Der Oberbürgermeister betonte, dass sämtliche Maßnahmen einzig zum Gemeinwohl und nicht als „Schikane der Bevölkerung“gedacht seien. Das betreffe insbesondere auch die Muslime in der Stadt, für die am Dienstag der Fastenmonat Ramadan beginnt. In Anbetracht der ab 21 Uhr geltenden Ausgangssperre wird der Gang in die Moschee nach dem abendlichen Mahl nicht möglich sein. „Aber selbst in der Türkei ist das aktuell nicht erlaubt“, betonte Mast-Weisz.
Das änderte allerdings nichts daran, dass den OB bereits am Sonntag eine ganze Reihe von E-Mails und Facebook-Nachrichten von in Remscheid lebenden Muslimen erreichte, die keinerlei Verständnis für die Ausgangssperre und ihre Folgen zeigten. Er sei zum Teil scharf kritisiert worden, sagte Mast-Weisz im Gespräch mit unserer Redaktion. Ihm sei Diskriminierung einer Religion vorgeworfen worden. Für den Stadtchef, dem von der Fraktion Pro Remscheid im Rat regelmäßig für seinen zu laschen und unkritischen Umgang etwa mit der antidemokratischen Bewegung Milli Görus kritisiert wird, eine ganz neue Erfahrung.
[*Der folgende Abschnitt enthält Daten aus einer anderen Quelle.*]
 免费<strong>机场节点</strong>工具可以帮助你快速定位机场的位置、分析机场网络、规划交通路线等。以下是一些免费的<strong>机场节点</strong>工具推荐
Am Montag bekam er Rückendeckung von den Moschee-Vereinen. Sie kündigten an, auf das Abendgebet verzichten zu wollen. Doch nicht nur von türkischer Seite gab es Vorwürfe. Während auf das christliche Osterfest Rücksicht genommen worden sei, würde nun bei einer anderer Religion keine Rücksicht genommen, hieß es in den sozialen Medien.
Keine Rolle bei den zusätzlichen Corona-Schutzmaßnahmen spielen aktuell die Kindertagesstätten und Schulen. „Wir haben jetzt eine Woche Luft, weil mit Ende der Osterferien ohnehin landesweit auf Distanz unterrichtet wird“, erklärte Thomas Neuhaus. Auch hier gelte es, die Entwicklung der Infektionszahlen abzuwarten. „Falls wir gesonderte Maßnahmen treffen wollen als vom Land angeordnet, müssten wir das mit dem Ministerium abstimmen.“
Die Kontrolle der Ausgangssperre in den Abend- und Nachtstunden werden im Übrigen der reguläre Wach- und der Schwerpunktdienst der Polizei übernehmen, sagt Alexander Kresta, Leiter des Pressestelle des Präsidiums in Wuppertal. Der Schwerpunkt werde auf den bekannten Treffpunkten im Stadtgebiet liegen. Im Bedarfsfall könne schnell Verstärkung gerufen werden.